USG sees this model from both sides. We advise importers and trading companies out of Hong Kong, and our group runs a Singapore consumer brand of its own, sourcing from China, Indonesia, and Thailand for Muslim-consumer markets. So the steps below come from running the model, as well as advising on it.
This is the full operational chain, step by step: product selection, suppliers, negotiation, logistics, customs, and margins.
Who this model is for
Before any of the steps, be honest about whether this is for you. This is Step 0 – the foundation the rest of the work sits on.
You are in the right place if you already sell something. Maybe that is your own online store, or social commerce on TikTok or Facebook. Maybe you are a trader with established clients, or an influencer with a loyal audience. The second condition: you are ready to put at least $5,000 to $7,000 into a first test shipment, and you treat that shipment as a learning phase, not the deal that makes you rich.
You are in the wrong place if you have no clients or sales channel yet, or if you are looking for instant profit with zero investment and no risk.
The model looks simple. The gaps are where money disappears.
On paper it is four moves: you buy in China, ship to Saudi Arabia, Algeria, Egypt, or another MENA market, sell through your channel, and keep the margin.

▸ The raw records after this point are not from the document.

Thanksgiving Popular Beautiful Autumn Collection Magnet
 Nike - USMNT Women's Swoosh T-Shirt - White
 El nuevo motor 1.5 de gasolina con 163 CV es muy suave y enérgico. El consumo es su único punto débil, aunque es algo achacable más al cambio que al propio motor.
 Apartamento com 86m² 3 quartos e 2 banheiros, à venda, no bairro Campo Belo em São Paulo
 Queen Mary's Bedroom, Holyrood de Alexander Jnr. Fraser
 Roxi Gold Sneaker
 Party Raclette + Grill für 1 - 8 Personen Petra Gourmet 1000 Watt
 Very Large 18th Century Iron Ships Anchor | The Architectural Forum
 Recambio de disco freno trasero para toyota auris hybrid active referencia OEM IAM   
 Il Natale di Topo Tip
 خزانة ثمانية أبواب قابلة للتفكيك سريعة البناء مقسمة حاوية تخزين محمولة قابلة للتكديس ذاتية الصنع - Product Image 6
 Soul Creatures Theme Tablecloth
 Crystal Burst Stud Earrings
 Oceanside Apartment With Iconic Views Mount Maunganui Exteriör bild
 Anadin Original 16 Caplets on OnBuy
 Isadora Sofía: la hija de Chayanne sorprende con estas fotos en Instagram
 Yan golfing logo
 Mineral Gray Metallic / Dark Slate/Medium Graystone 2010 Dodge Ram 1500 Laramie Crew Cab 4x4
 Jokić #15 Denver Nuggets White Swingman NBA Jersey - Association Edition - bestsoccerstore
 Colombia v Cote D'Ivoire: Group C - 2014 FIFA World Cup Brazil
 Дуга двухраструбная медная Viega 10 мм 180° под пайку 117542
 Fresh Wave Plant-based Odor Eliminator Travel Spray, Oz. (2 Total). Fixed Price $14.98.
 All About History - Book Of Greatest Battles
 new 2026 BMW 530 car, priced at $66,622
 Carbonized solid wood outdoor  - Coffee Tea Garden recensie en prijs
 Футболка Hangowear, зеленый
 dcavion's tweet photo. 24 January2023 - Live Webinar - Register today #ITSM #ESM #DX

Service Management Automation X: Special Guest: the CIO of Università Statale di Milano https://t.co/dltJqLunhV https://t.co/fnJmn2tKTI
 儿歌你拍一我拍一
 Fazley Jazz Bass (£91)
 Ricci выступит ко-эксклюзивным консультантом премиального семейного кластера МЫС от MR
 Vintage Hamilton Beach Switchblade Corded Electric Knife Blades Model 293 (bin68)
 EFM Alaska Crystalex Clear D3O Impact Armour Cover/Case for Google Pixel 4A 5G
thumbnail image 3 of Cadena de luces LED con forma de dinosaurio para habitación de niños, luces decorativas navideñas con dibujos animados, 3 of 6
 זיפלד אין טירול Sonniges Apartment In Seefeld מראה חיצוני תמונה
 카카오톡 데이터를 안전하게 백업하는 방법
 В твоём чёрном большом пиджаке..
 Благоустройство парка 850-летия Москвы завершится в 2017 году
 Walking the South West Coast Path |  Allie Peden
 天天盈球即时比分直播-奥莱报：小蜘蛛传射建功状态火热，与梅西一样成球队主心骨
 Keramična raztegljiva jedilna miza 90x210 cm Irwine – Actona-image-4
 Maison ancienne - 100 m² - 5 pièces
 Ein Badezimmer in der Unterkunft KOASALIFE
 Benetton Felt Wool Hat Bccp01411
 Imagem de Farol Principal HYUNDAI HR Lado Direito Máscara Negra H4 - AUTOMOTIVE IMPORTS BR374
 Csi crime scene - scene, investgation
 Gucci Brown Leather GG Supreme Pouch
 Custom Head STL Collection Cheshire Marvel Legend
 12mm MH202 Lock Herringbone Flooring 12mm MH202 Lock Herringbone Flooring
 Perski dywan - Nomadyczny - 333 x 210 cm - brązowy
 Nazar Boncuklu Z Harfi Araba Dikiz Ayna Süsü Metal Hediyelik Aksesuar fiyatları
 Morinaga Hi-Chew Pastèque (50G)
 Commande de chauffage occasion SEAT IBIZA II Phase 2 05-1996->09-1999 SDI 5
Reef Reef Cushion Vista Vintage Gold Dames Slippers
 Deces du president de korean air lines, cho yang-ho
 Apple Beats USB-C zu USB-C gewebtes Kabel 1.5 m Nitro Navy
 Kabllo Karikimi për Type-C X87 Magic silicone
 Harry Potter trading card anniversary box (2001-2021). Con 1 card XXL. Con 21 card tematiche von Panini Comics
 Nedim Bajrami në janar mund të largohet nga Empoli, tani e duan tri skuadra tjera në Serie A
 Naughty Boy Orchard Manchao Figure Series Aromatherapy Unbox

The formula is simple. Everything between the moves – product choice, supplier choice, negotiation, logistics, customs, certification, taxes – is where founders lose money. We’ll go through each one.
Step 1 – Choosing the product
Many people pick a product they personally like. That is fine as a starting point. But three questions matter more than your own taste:
- Can you sell it through the channels you already have? If it has real demand in your audience, you have solved the hardest part. If you cannot say that honestly, you may end up with stock sitting in a warehouse.
- Is the category still open, or already saturated? You can find a product everyone loves and still make nothing, because competition has pushed the margin to zero.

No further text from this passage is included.